The concept of green building is to design a building that has a
more efficient consumption of electrical energy. The Energy
Consumption Intensity (ECI) of a building in Indonesia with a
tropical climate is regulated in SNI no 03-0196: 2010. In this
standard, the ECI of an air-conditioned building is said to be
efficient if it has a consumption of 7.93-12.08 kWh/M2/month.
Meanwhile, according to the Indonesian Green Building
Council (GBCI), the ECI in Green Building is 50% of a
conventional building. In this study, electrical energy
consumption was measured for at least 1 year.

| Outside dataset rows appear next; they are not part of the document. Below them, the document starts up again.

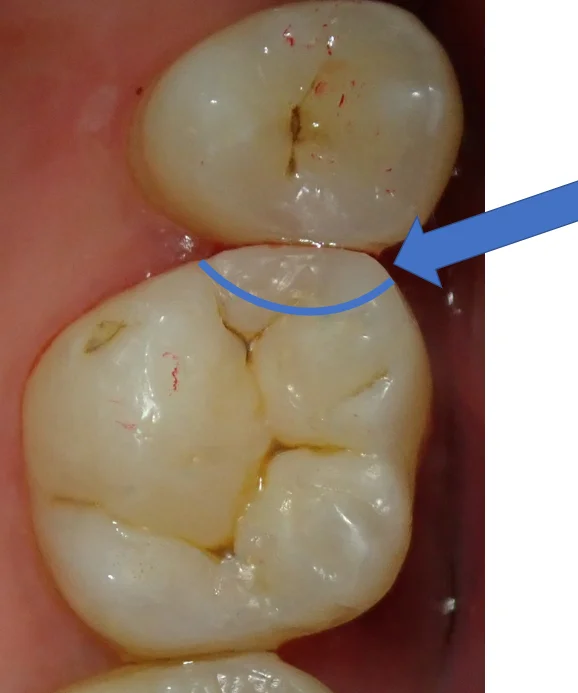 ダイレクトボンディング⑨｜坂寄歯科医院（取手市藤代） - 画像3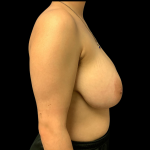 Breast Reduction Before & After Patient #4717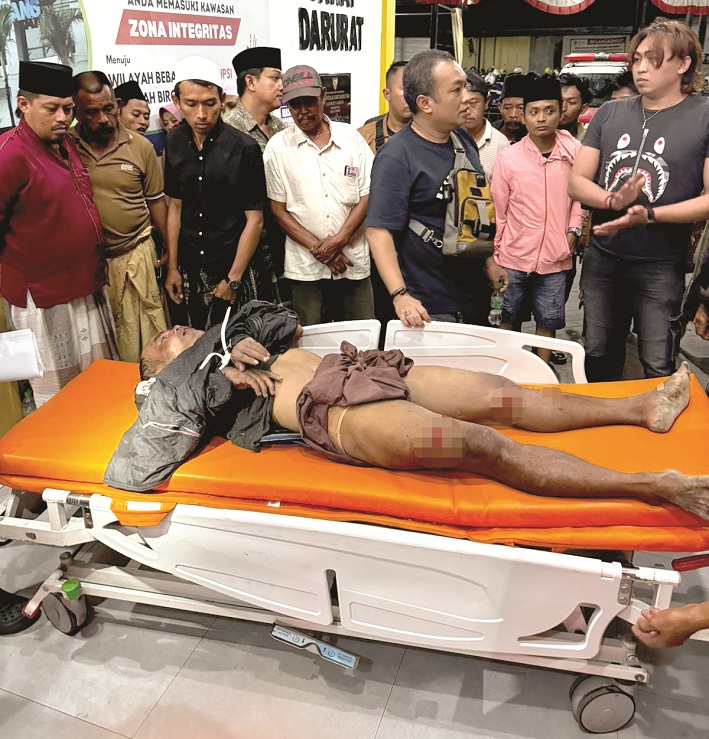 BABAK BELUR: Samhudi dirawat di RSMZ Sampang usai dimassa warga karena hendak melakukan pencurian Jumat (30/1). (HUMAS POLRES UNTUK JPRM)
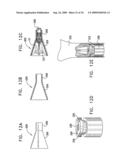 VALVE SUTURING AND IMPLANTATION PROCEDURES diagram and image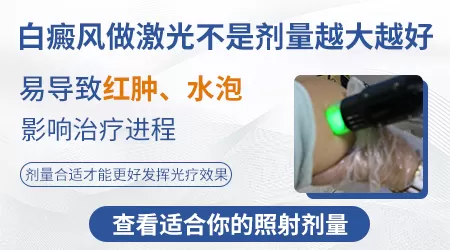 白癜风照308激光后更白了怎么回事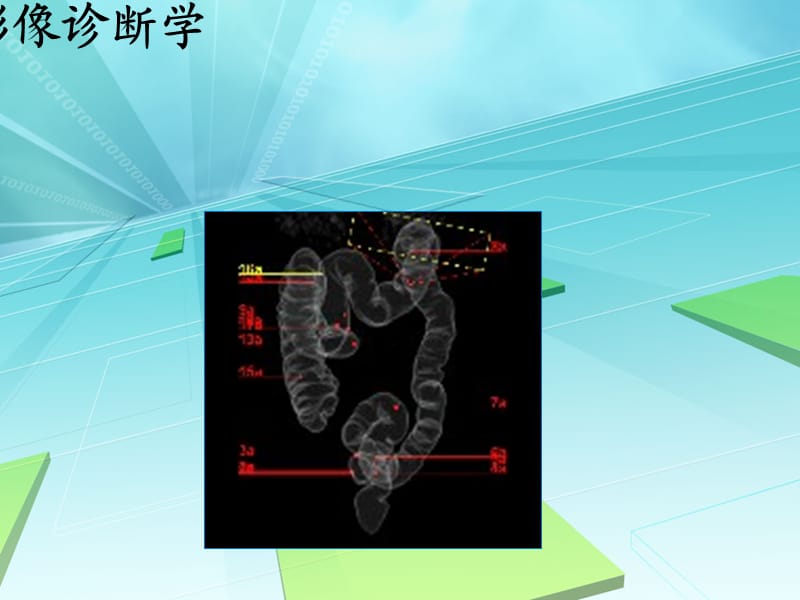 《肿瘤影像诊断学》PPT课件.ppt_第1页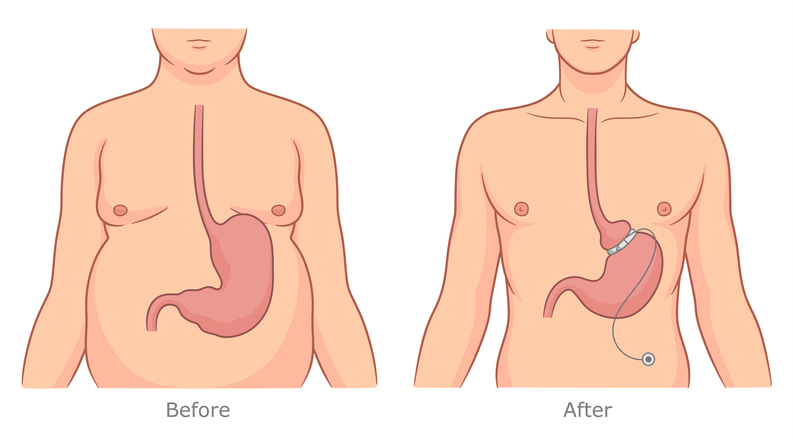 Illustratie: voor en na gastric banding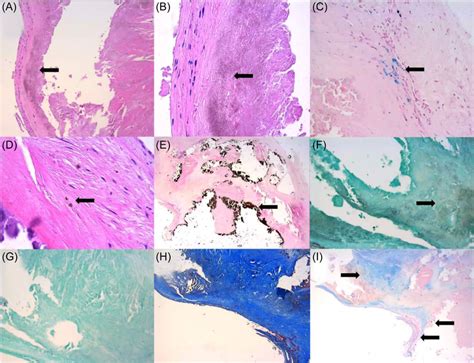 Hematoxylin And Eosin Hande Stain At 10× A And 20× Magnification B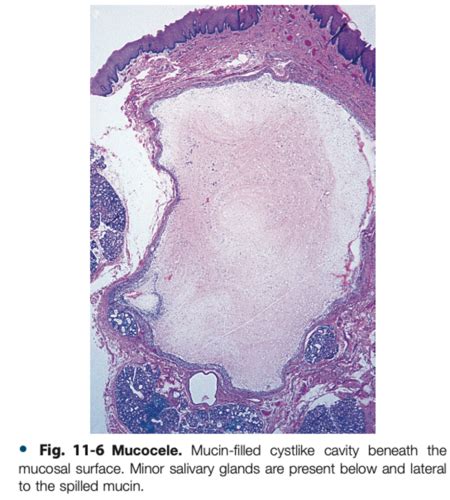 Christensen Salivary Gland Histo Pics Flashcards Quizlet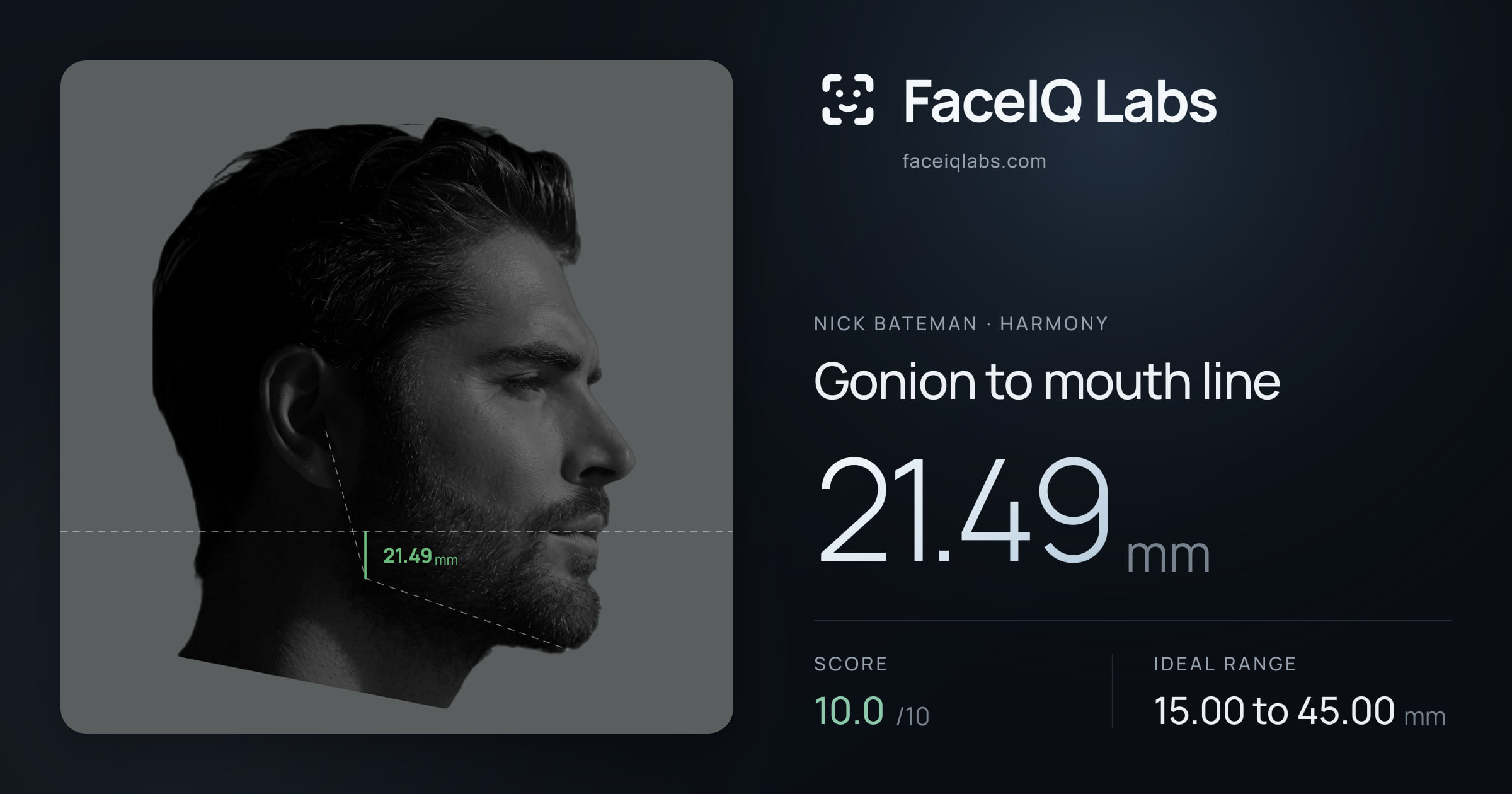 Nick Bateman Gonion to mouth line: 21.49mm, drawn on the photo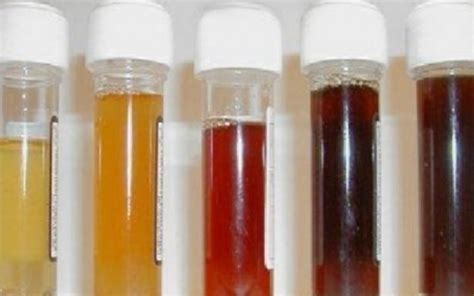 The Color Of Urine Reveals The Condition Of The Body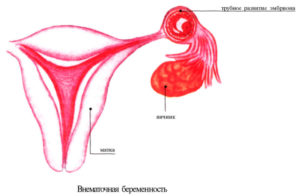 Беременность с одним яичником и одной трубой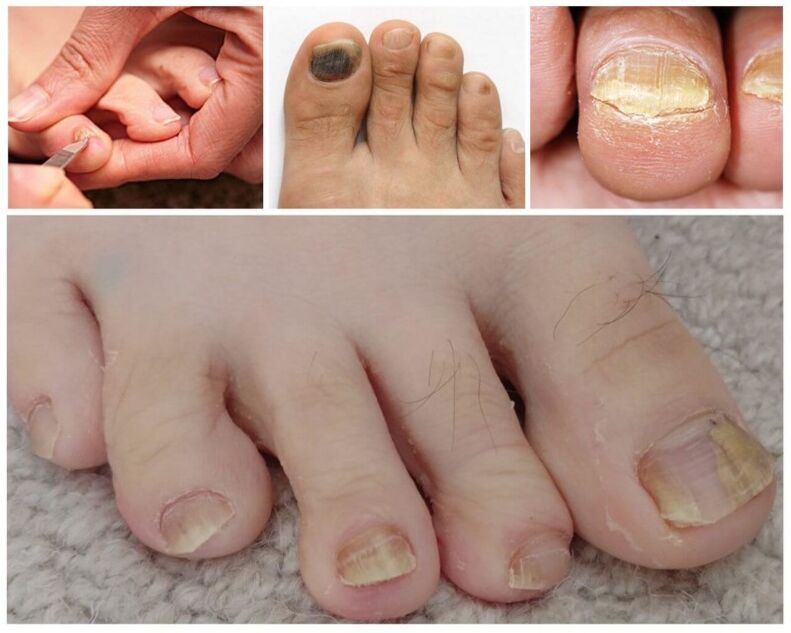 Symptoms of onychomycosis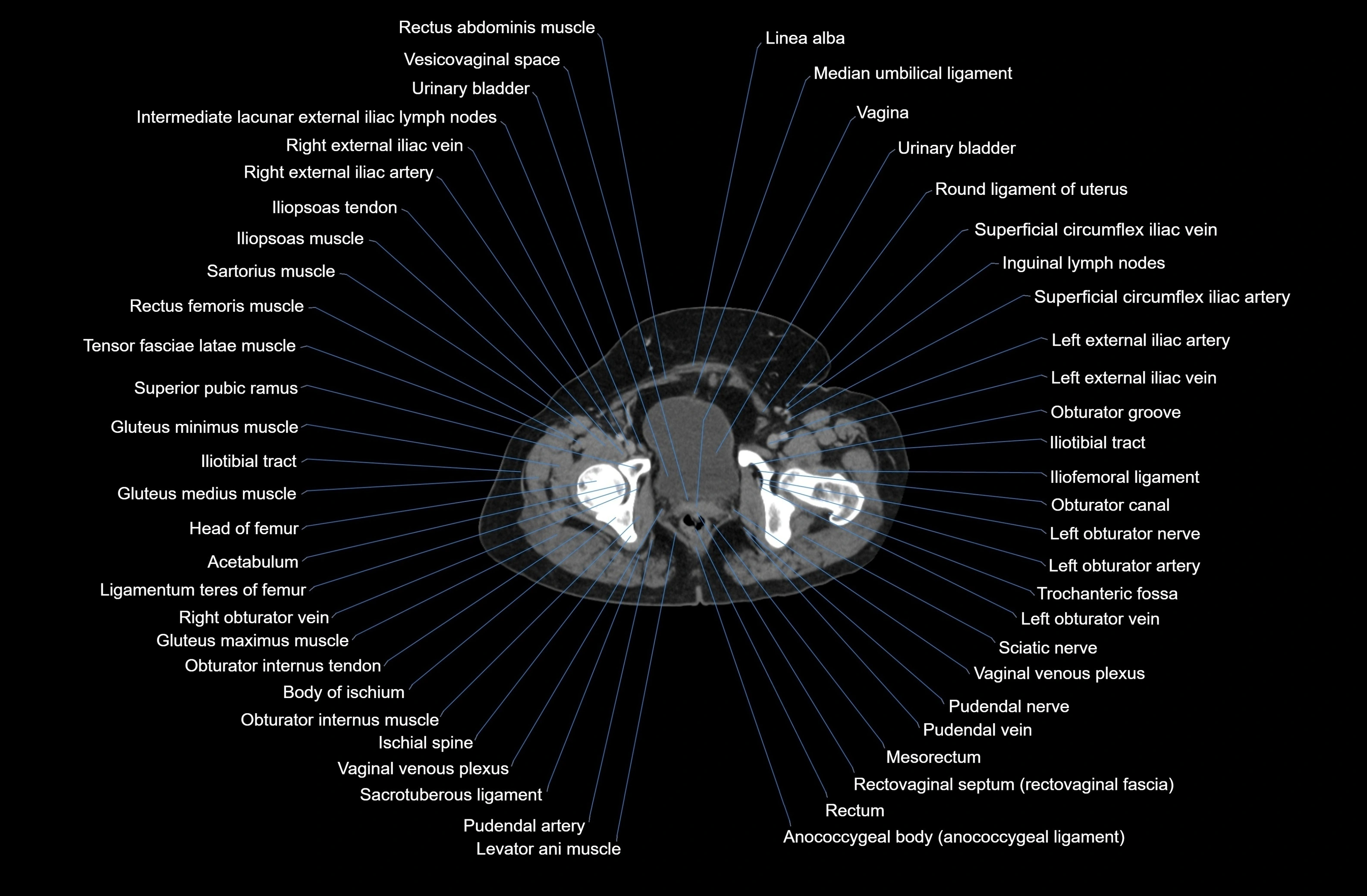 CT Abdomen axial cross sectional anatomy labelled radiology image-00094.webp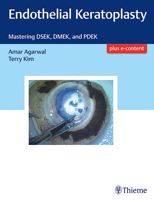 Endothelial Keratoplasty: Mastering DSEK, DMEK, and PDEK 1626234515 Book Cover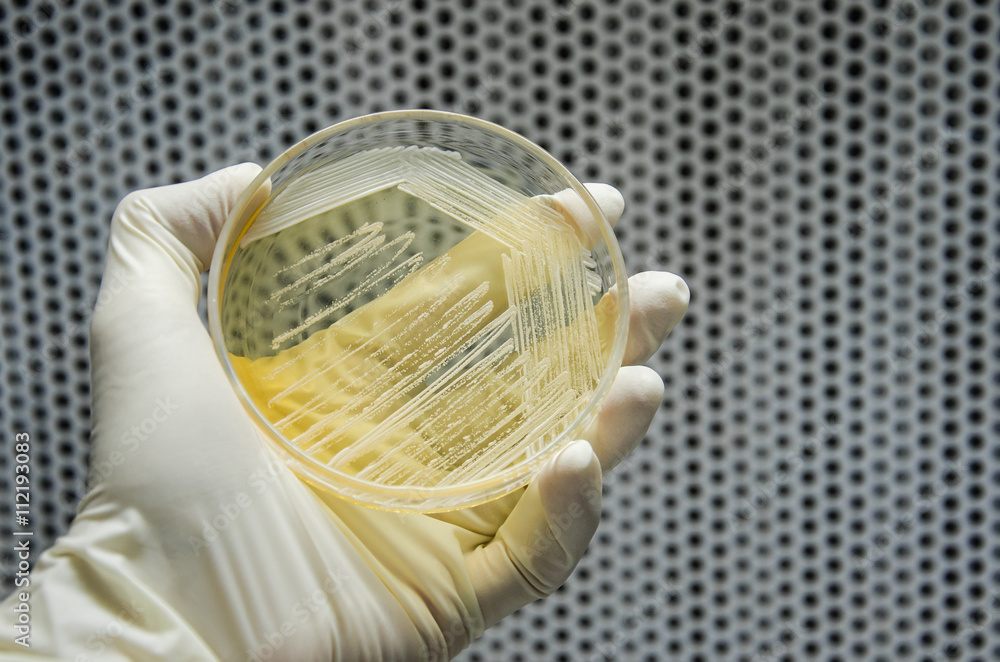 Hand in glove is holding a petri dish of cross streak of Saccharomyces cerevisiae (baker yeast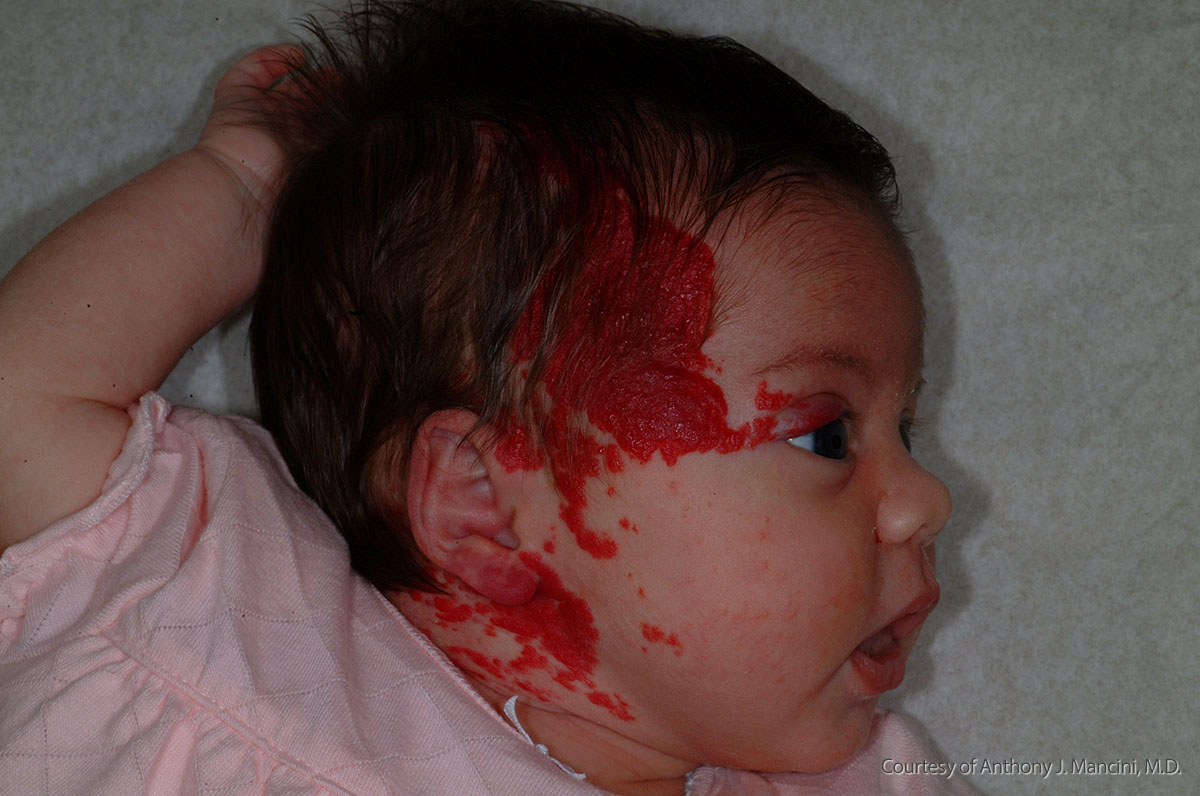 infant hemangioma - pictures, photos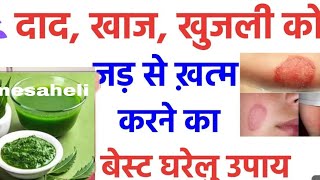 दाद खाज खुजली की 4 दिन में छुट्टी कर देगा Fungal Infection Treatment athome Daad Khaj Khujli ka ilaj [upl. by Ahsiat]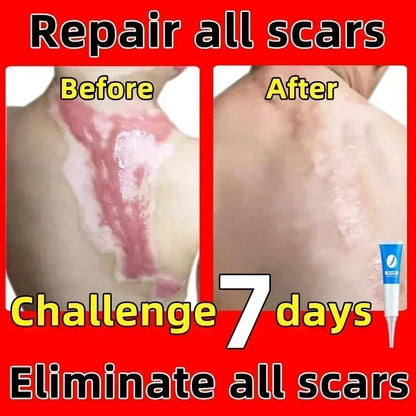 Scar Removal Cream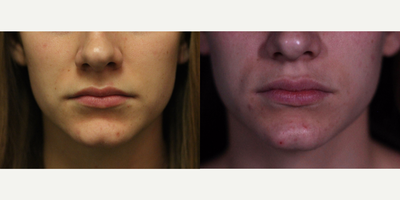 Juvederm before and after photo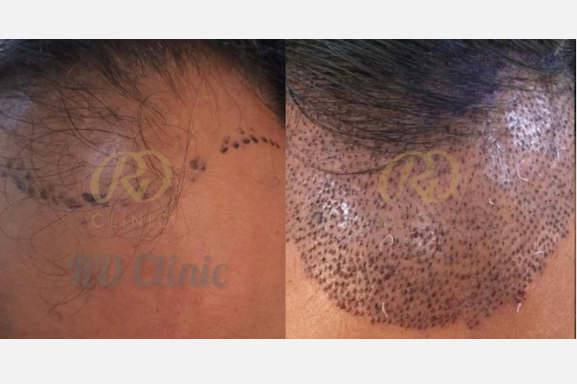 Hair Loss Treatment — before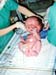 nicu3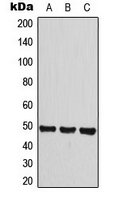 HRH3 / Histamine 3 Receptor Antibody - Western blot analysis of Histamine H3 Receptor expression in HeLa (A); A549 (B); Raw264.7 (C) whole cell lysates.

The research
location is the Head Office Building of PT Indonesia Asahan
Aluminium (Persero), a State-Owned Enterprise located in
Batubara Regency, North Sumatra, Indonesia. According to the
results of the analysis of existing data, it can be concluded that
the Inalum Building has an efficient electricity consumption
intensity according to SNI standards, with a value of 78.34
kWh/m2/year or 6.53 kWh/m2/month. However, as a green
building, the existing air-conditioned space still has an ECI
value that exceeds the specified standard. According to the SNI
standard classification, this building is still considered energy-
intensive because the ECI value of an air-conditioned room is
243.56 kWh/m2/year or 20.29 kWh/m2/month. The novelty that
we get in this research is the actual Energy Consumption
Intensity (ECI) indexes of this green building.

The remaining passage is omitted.